The answer is to be the data that follows, transcribed exactly, minus its pictures.

* Supplied entries *
━━━━━━━━━━━━━━━━━━━━━━━━━━━━━━

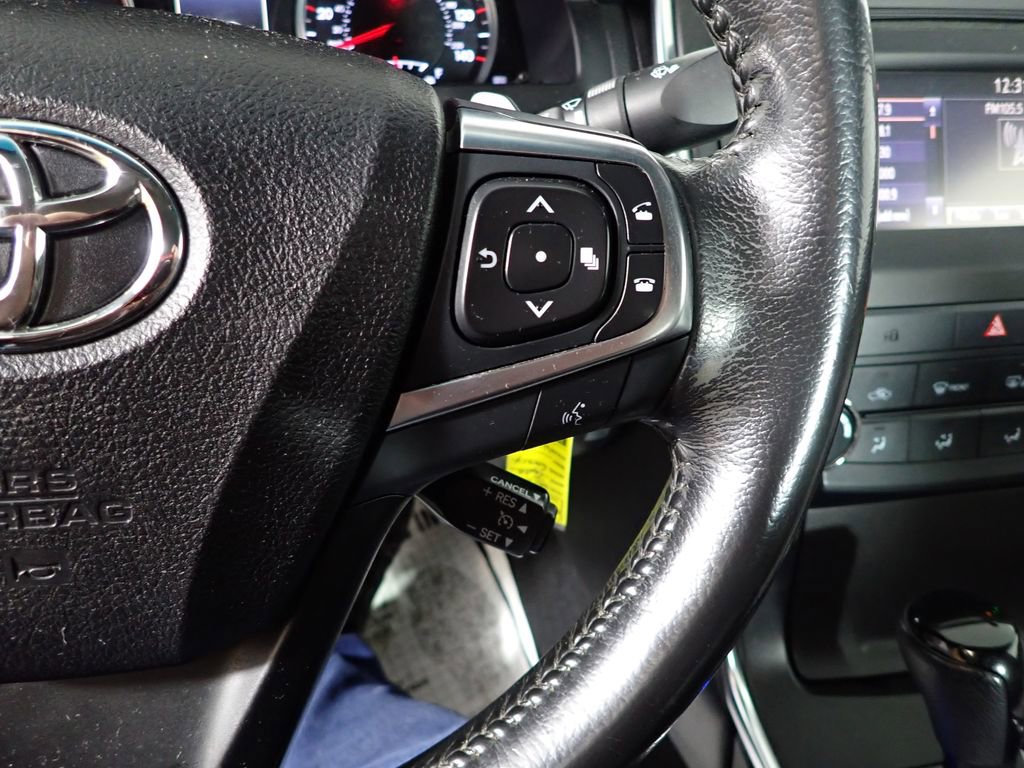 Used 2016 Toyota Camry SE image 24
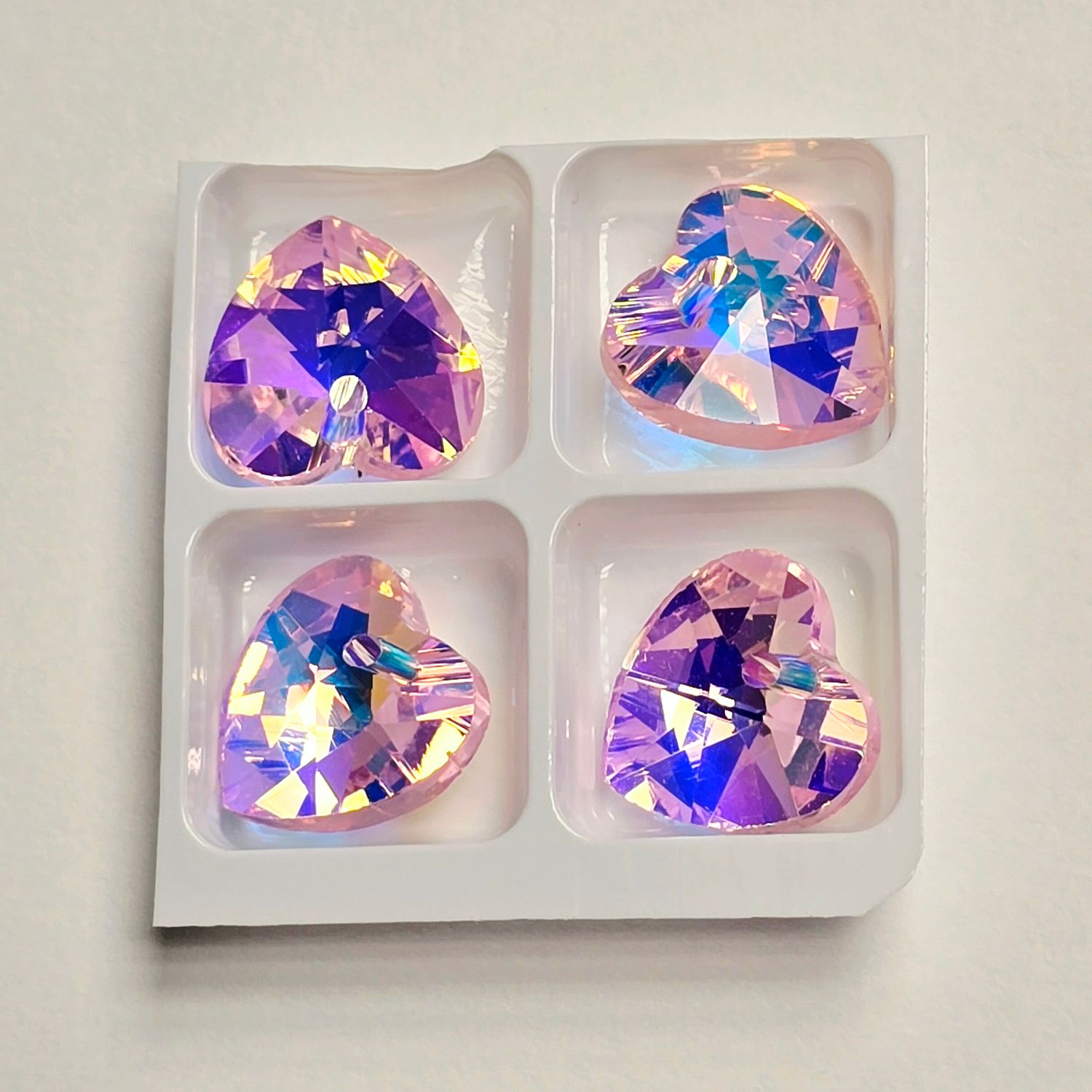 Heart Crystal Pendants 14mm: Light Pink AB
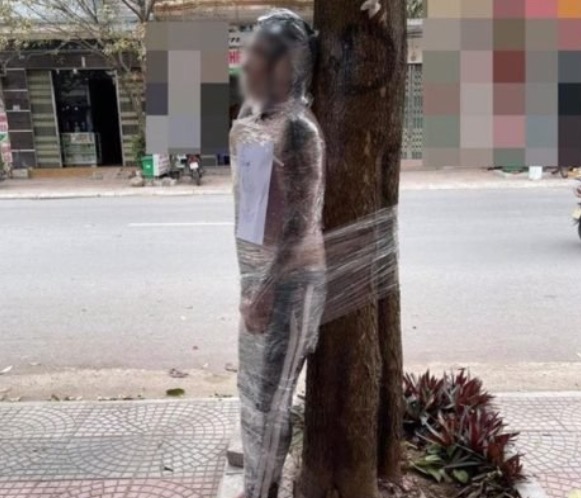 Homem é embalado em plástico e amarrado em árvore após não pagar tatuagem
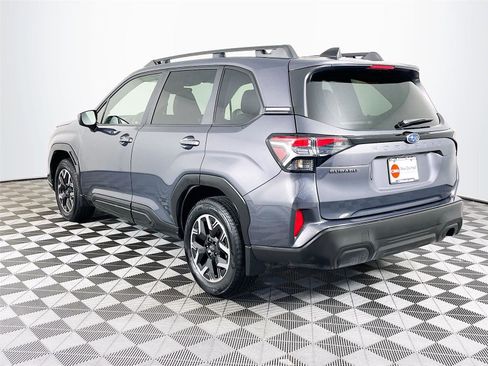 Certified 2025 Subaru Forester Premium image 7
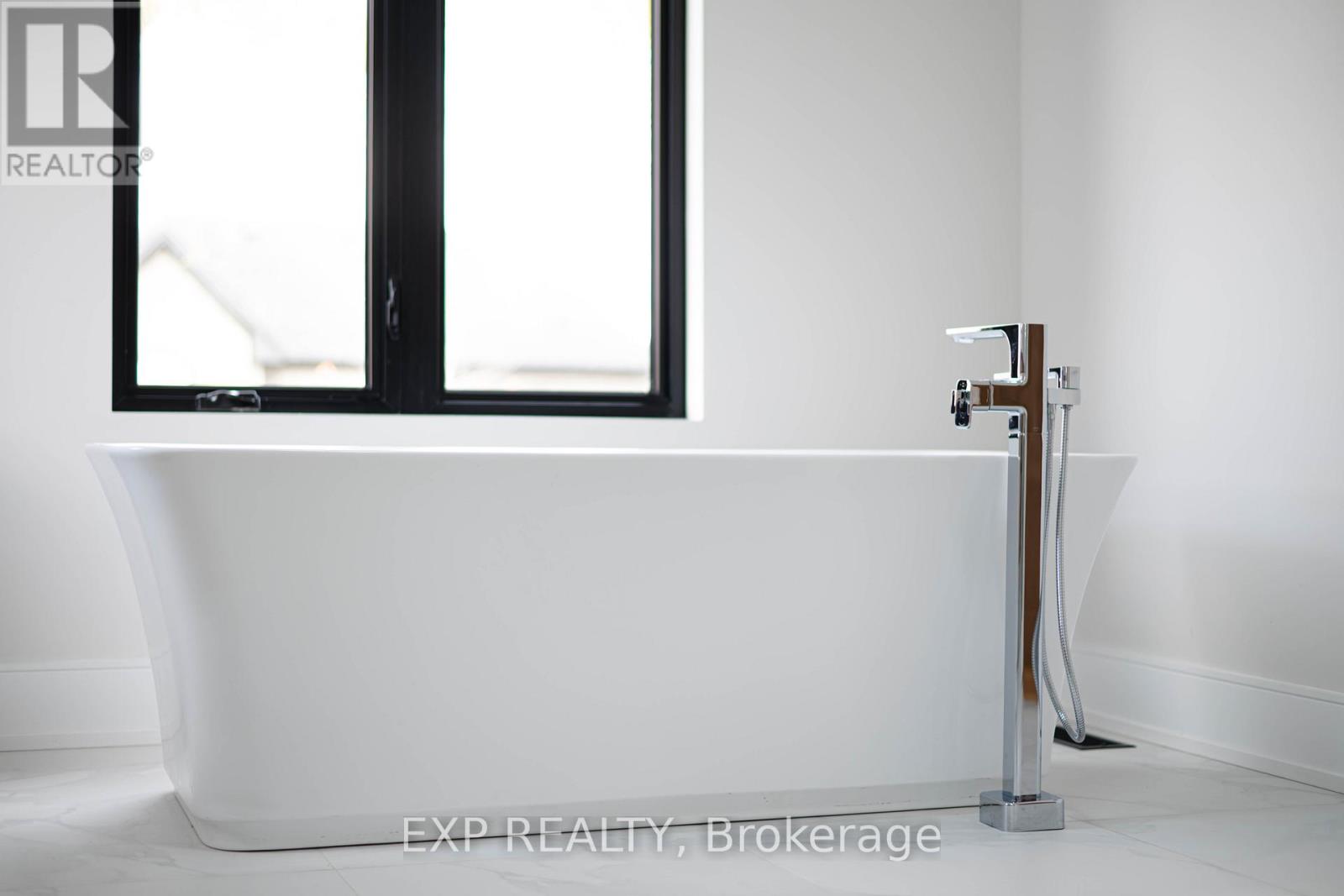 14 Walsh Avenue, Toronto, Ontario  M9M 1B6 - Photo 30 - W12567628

━━━━━━━━━━━━━━━━━━━━━━━━━━━━━━

* Answer to the problem *
 Used 2016 Toyota Camry SE image 24
 Heart Crystal Pendants 14mm: Light Pink AB
 Homem é embalado em plástico e amarrado em árvore após não pagar tatuagem
 Certified 2025 Subaru Forester Premium image 7
 14 Walsh Avenue, Toronto, Ontario  M9M 1B6 - Photo 30 - W12567628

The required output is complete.